The financial year is almost over. You’ve got nine more days to go shopping for tax deductions. After that, the decisions you’ve made for the past 12 months are pretty much locked in – there’ll be very little further you can do to optimise the tax position of your business. Which is why it’s so important to know – in advance – how you’re tracking financially.

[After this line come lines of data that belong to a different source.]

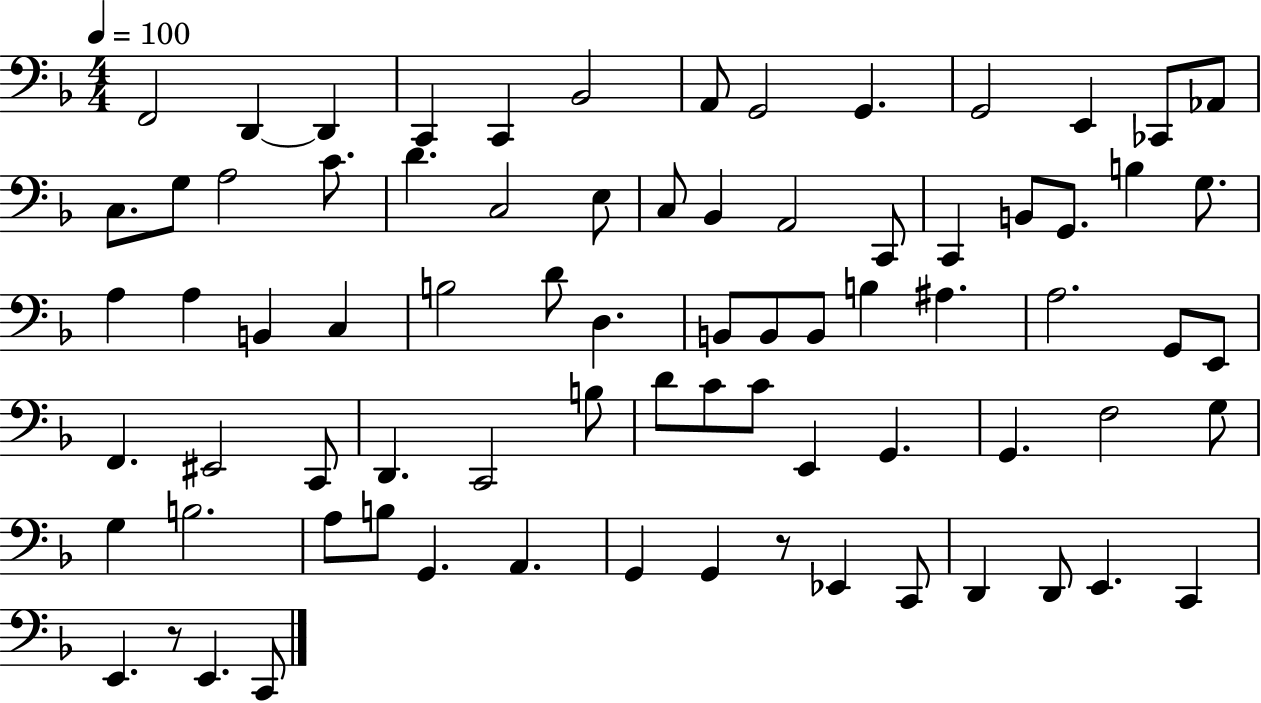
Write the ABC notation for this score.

X:1
T:Untitled
M:4/4
L:1/4
K:F
F,,2 D,, D,, C,, C,, _B,,2 A,,/2 G,,2 G,, G,,2 E,, _C,,/2 _A,,/2 C,/2 G,/2 A,2 C/2 D C,2 E,/2 C,/2 _B,, A,,2 C,,/2 C,, B,,/2 G,,/2 B, G,/2 A, A, B,, C, B,2 D/2 D, B,,/2 B,,/2 B,,/2 B, ^A, A,2 G,,/2 E,,/2 F,, ^E,,2 C,,/2 D,, C,,2 B,/2 D/2 C/2 C/2 E,, G,, G,, F,2 G,/2 G, B,2 A,/2 B,/2 G,, A,, G,, G,, z/2 _E,, C,,/2 D,, D,,/2 E,, C,, E,, z/2 E,, C,,/2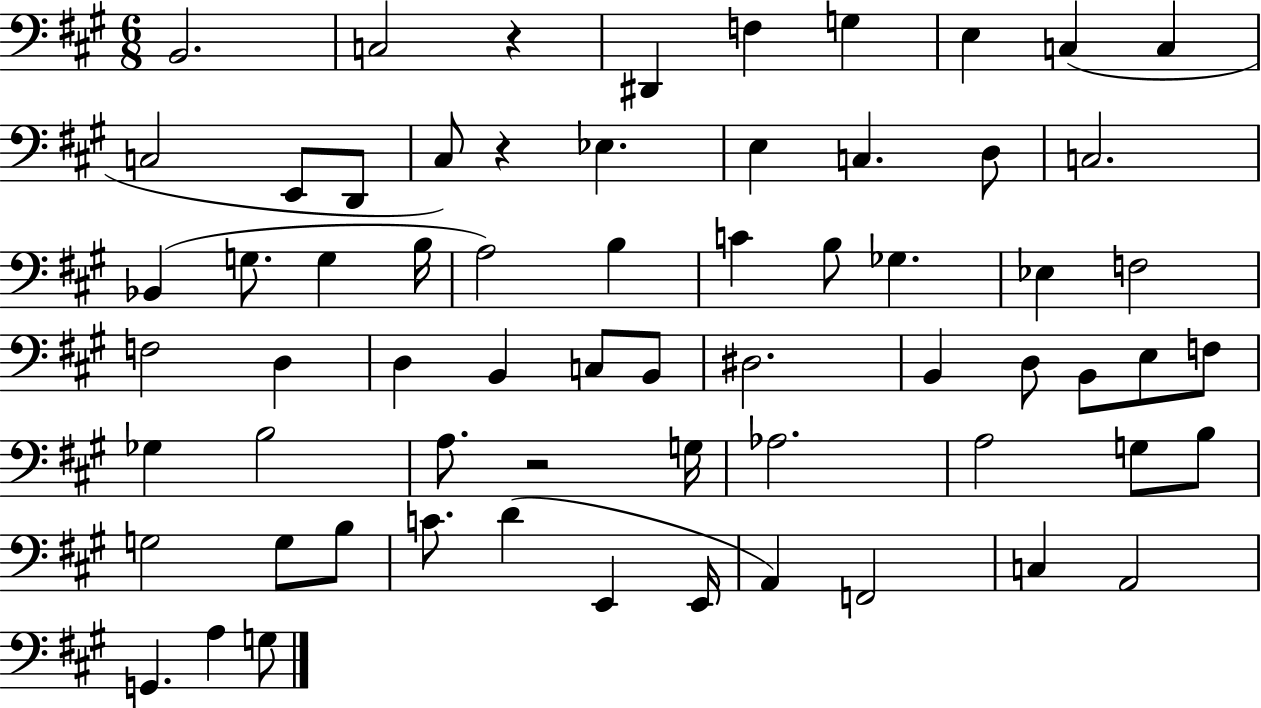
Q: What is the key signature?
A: A major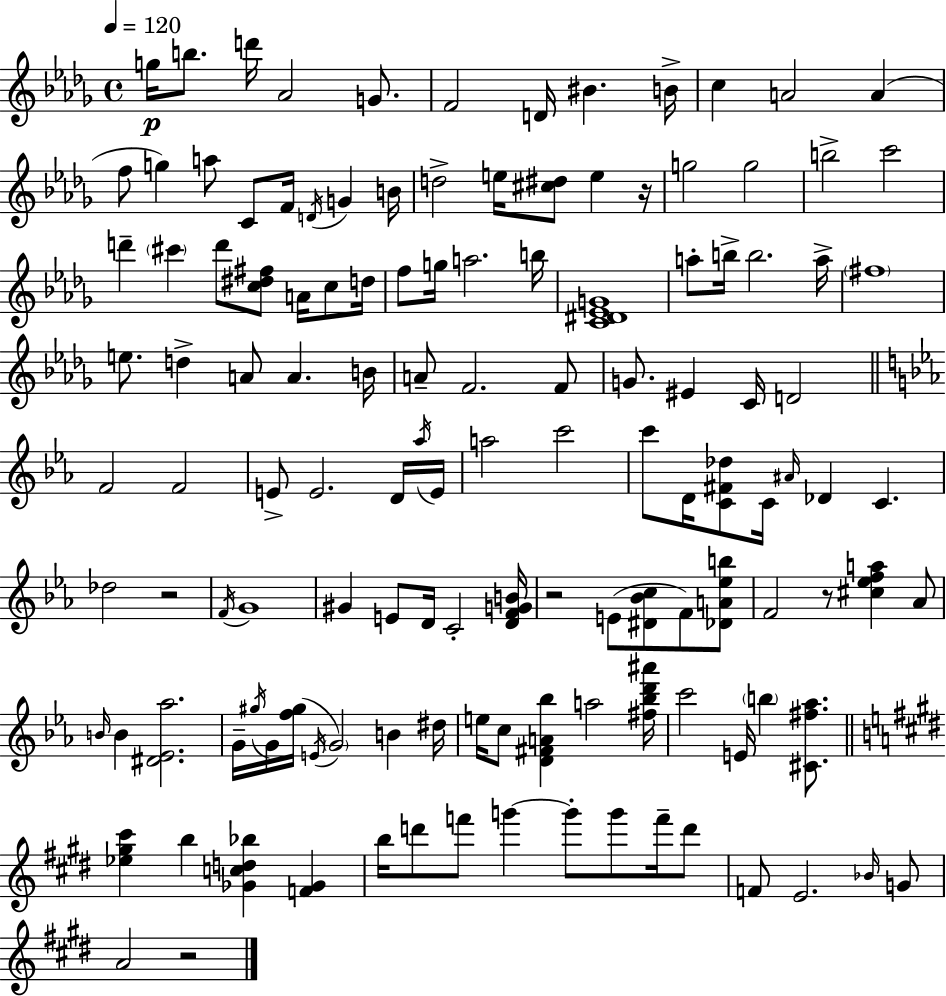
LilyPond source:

{
  \clef treble
  \time 4/4
  \defaultTimeSignature
  \key bes \minor
  \tempo 4 = 120
  g''16\p b''8. d'''16 aes'2 g'8. | f'2 d'16 bis'4. b'16-> | c''4 a'2 a'4( | f''8 g''4) a''8 c'8 f'16 \acciaccatura { d'16 } g'4 | \break b'16 d''2-> e''16 <cis'' dis''>8 e''4 | r16 g''2 g''2 | b''2-> c'''2 | d'''4-- \parenthesize cis'''4 d'''8 <c'' dis'' fis''>8 a'16 c''8 | \break d''16 f''8 g''16 a''2. | b''16 <c' dis' ees' g'>1 | a''8-. b''16-> b''2. | a''16-> \parenthesize fis''1 | \break e''8. d''4-> a'8 a'4. | b'16 a'8-- f'2. f'8 | g'8. eis'4 c'16 d'2 | \bar "||" \break \key ees \major f'2 f'2 | e'8-> e'2. d'16 \acciaccatura { aes''16 } | e'16 a''2 c'''2 | c'''8 d'16 <c' fis' des''>8 c'16 \grace { ais'16 } des'4 c'4. | \break des''2 r2 | \acciaccatura { f'16 } g'1 | gis'4 e'8 d'16 c'2-. | <d' f' g' b'>16 r2 e'8( <dis' bes' c''>8 f'8) | \break <des' a' ees'' b''>8 f'2 r8 <cis'' ees'' f'' a''>4 | aes'8 \grace { b'16 } b'4 <dis' ees' aes''>2. | g'16-- \acciaccatura { gis''16 } g'16 <f'' gis''>16( \acciaccatura { e'16 } \parenthesize g'2) | b'4 dis''16 e''16 c''8 <d' fis' a' bes''>4 a''2 | \break <fis'' bes'' d''' ais'''>16 c'''2 e'16 \parenthesize b''4 | <cis' fis'' aes''>8. \bar "||" \break \key e \major <ees'' gis'' cis'''>4 b''4 <ges' c'' d'' bes''>4 <f' ges'>4 | b''16 d'''8 f'''8 g'''4~~ g'''8-. g'''8 f'''16-- d'''8 | f'8 e'2. \grace { bes'16 } g'8 | a'2 r2 | \break \bar "|."
}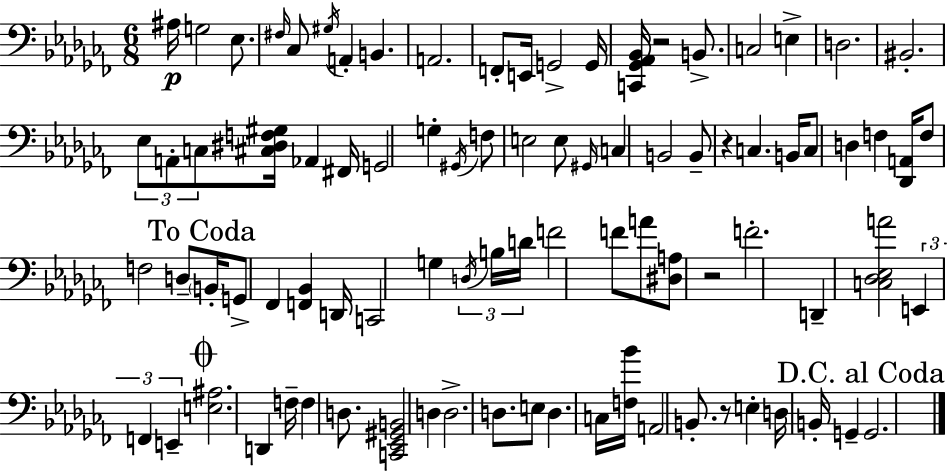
X:1
T:Untitled
M:6/8
L:1/4
K:Abm
^A,/4 G,2 _E,/2 ^F,/4 _C,/2 ^G,/4 A,, B,, A,,2 F,,/2 E,,/4 G,,2 G,,/4 [C,,_G,,_A,,_B,,]/4 z2 B,,/2 C,2 E, D,2 ^B,,2 _E,/2 A,,/2 C,/2 [^C,^D,F,^G,]/4 _A,, ^F,,/4 G,,2 G, ^G,,/4 F,/2 E,2 E,/2 ^G,,/4 C, B,,2 B,,/2 z C, B,,/4 C,/2 D, F, [_D,,A,,]/4 F,/2 F,2 D,/2 B,,/4 G,,/2 _F,, [F,,_B,,] D,,/4 C,,2 G, D,/4 B,/4 D/4 F2 F/2 A/2 [^D,A,]/2 z2 F2 D,, [C,_D,_E,A]2 E,, F,, E,, [E,^A,]2 D,, F,/4 F, D,/2 [C,,_E,,^G,,B,,]2 D, D,2 D,/2 E,/2 D, C,/4 [F,_B]/4 A,,2 B,,/2 z/2 E, D,/4 B,,/4 G,, G,,2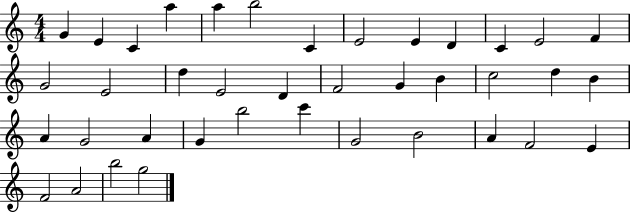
G4/q E4/q C4/q A5/q A5/q B5/h C4/q E4/h E4/q D4/q C4/q E4/h F4/q G4/h E4/h D5/q E4/h D4/q F4/h G4/q B4/q C5/h D5/q B4/q A4/q G4/h A4/q G4/q B5/h C6/q G4/h B4/h A4/q F4/h E4/q F4/h A4/h B5/h G5/h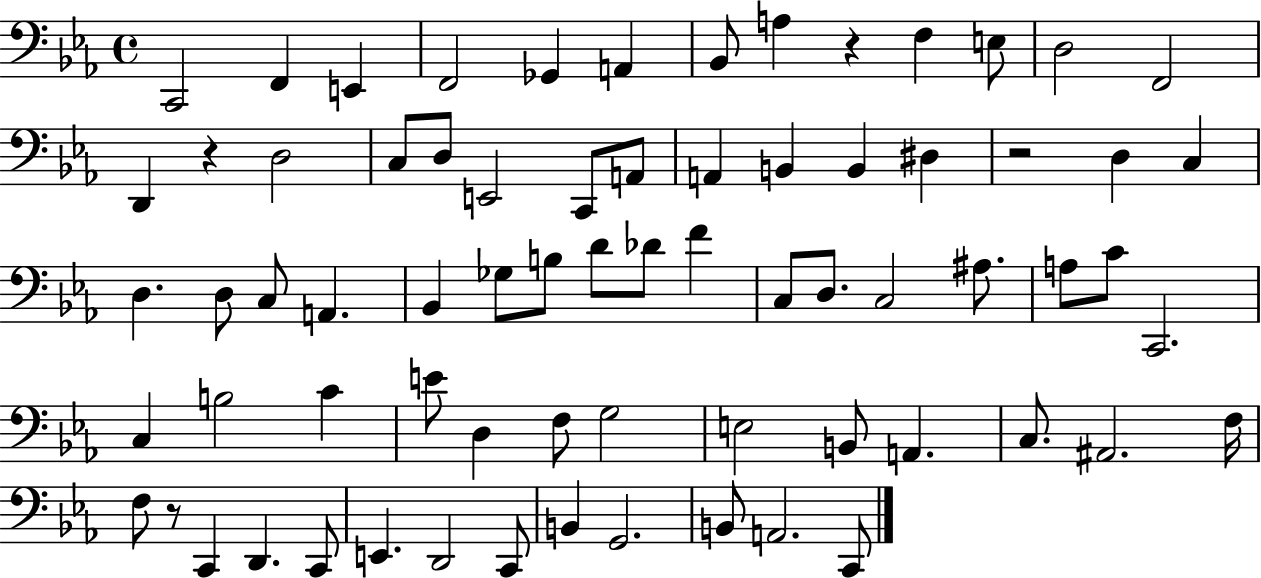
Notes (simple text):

C2/h F2/q E2/q F2/h Gb2/q A2/q Bb2/e A3/q R/q F3/q E3/e D3/h F2/h D2/q R/q D3/h C3/e D3/e E2/h C2/e A2/e A2/q B2/q B2/q D#3/q R/h D3/q C3/q D3/q. D3/e C3/e A2/q. Bb2/q Gb3/e B3/e D4/e Db4/e F4/q C3/e D3/e. C3/h A#3/e. A3/e C4/e C2/h. C3/q B3/h C4/q E4/e D3/q F3/e G3/h E3/h B2/e A2/q. C3/e. A#2/h. F3/s F3/e R/e C2/q D2/q. C2/e E2/q. D2/h C2/e B2/q G2/h. B2/e A2/h. C2/e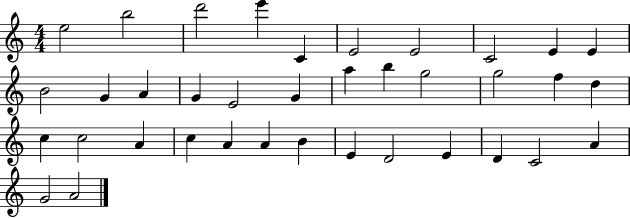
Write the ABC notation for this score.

X:1
T:Untitled
M:4/4
L:1/4
K:C
e2 b2 d'2 e' C E2 E2 C2 E E B2 G A G E2 G a b g2 g2 f d c c2 A c A A B E D2 E D C2 A G2 A2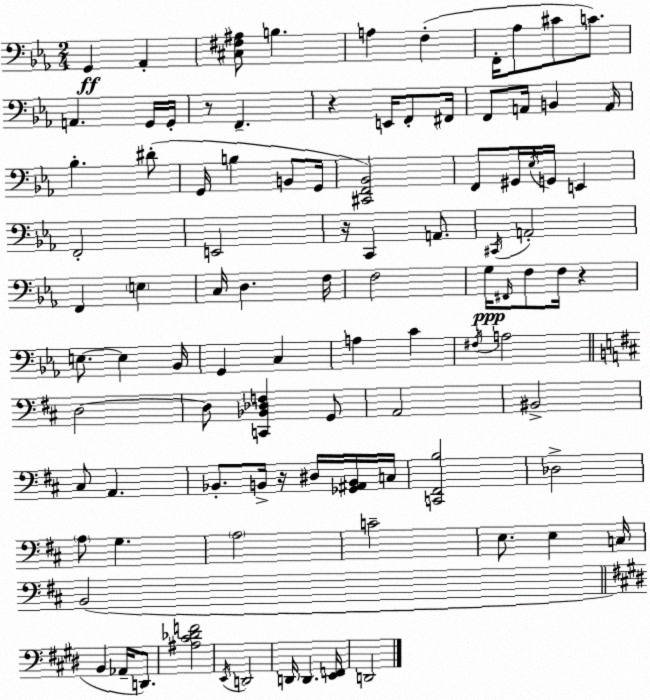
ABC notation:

X:1
T:Untitled
M:2/4
L:1/4
K:Cm
G,, _A,, [^C,^F,^A,]/2 B, A, F, F,,/4 _A,/2 ^C/2 C/2 A,, G,,/4 G,,/4 z/2 F,, z E,,/4 F,,/2 ^F,,/4 F,,/2 A,,/4 B,, A,,/4 _B, ^D/2 G,,/4 B, B,,/2 G,,/4 [^C,,F,,_B,,]2 F,,/2 ^G,,/4 _E,/4 G,,/4 E,, F,,2 E,,2 z/4 C,, A,,/2 ^C,,/4 A,,2 F,, E, C,/4 D, F,/4 F,2 G,/4 ^F,,/4 F,/2 F,/4 z E,/2 E, _B,,/4 G,, C, A, C ^F,/4 A,2 D,2 D,/2 [C,,_B,,_D,F,] G,,/2 A,,2 ^B,,2 ^C,/2 A,, _B,,/2 B,,/4 z/4 ^D,/4 [_G,,^A,,B,,]/4 C,/4 [C,,^F,,B,]2 _D,2 A,/2 G, A,2 C2 E,/2 E, C,/4 B,,2 B,, _A,,/4 D,,/2 [^A,^C_DF]2 E,,/4 D,,2 D,,/4 D,, [E,,F,,]/4 D,,2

If you know your business should be purchasing a new car, computers, or office furniture, in the not-so-distance future, then you’ve got to make an important decision about whether that expense should fall in the current financial year, or be delayed until next. To throw another variable into the equation, you also need to evaluate whether the sticker price you purchase an asset for today will still be available after 30 June – there are plenty of companies offering special ‘End of Financial Year’ sales, and you may not be able to get the same deal if you wait until after 1st July.
Tax Deductions for Motor Vehicles
Take, for example, motor vehicles. Manufacturers like Holden, Toyota, Ford, and Mitsubishi, are offering some pretty hot deals.
If your business needs a great little economical city car, you can pick up a 2013-plated Fiat for $13,000, or a 3-door Hyundai i20 for only $14,990. Toyota are offering 1% finance on their Yaris, and Nissan is matching that for the Pulsar.
If you need a work horse, Mitsubishi will soon be introducing a new Triton, so you may want to investigate whether it’s worth snapping up a bargain on the current model (it’s resale value is likely to be impacted by the release of the new model, and it’s not as sophisticated as many of the new breed of utes, but the sharp pricing could be pretty hard to resist and may be more important to your cashflow and productivity than buying the latest, greatest, in 3 months from now).
Or do you want a car that’s a reward for all your hard work to date? BMW is offering to reduce the price by an amount equal to the GST; Audi are throwing in sweeteners like 4 years’ free servicing and road side assistance; Lexus is doing 1.8% comparison rate finance on several models; Infiniti is doing 0% finance on the QX70 SUV if you’re prepared to chip in a 10% deposit; and the list goes on. You may not get such a good deal on a prestige car for another 12 months.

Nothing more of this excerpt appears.